=== INPUT DATA ===

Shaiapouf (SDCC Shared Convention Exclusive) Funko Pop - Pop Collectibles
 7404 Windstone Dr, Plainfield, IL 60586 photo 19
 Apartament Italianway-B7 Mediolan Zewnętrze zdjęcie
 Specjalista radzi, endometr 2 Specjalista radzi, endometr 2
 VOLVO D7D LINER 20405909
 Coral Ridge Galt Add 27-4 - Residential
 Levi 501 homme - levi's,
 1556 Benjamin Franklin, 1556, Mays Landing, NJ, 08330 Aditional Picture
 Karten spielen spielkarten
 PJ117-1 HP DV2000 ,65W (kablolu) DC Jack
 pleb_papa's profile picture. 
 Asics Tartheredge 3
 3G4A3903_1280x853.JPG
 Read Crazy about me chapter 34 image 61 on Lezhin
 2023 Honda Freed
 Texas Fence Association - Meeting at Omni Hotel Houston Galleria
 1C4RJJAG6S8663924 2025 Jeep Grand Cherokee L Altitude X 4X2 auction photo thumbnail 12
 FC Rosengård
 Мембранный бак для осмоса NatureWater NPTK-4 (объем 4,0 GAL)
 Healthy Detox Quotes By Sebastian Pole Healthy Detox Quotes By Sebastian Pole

===

**ASSIGNED TASK**. Find the word "photo" in the records. Copy every line it appears in.

**OUTPUT FOR THIS TASK**.
 7404 Windstone Dr, Plainfield, IL 60586 photo 19
 1C4RJJAG6S8663924 2025 Jeep Grand Cherokee L Altitude X 4X2 auction photo thumbnail 12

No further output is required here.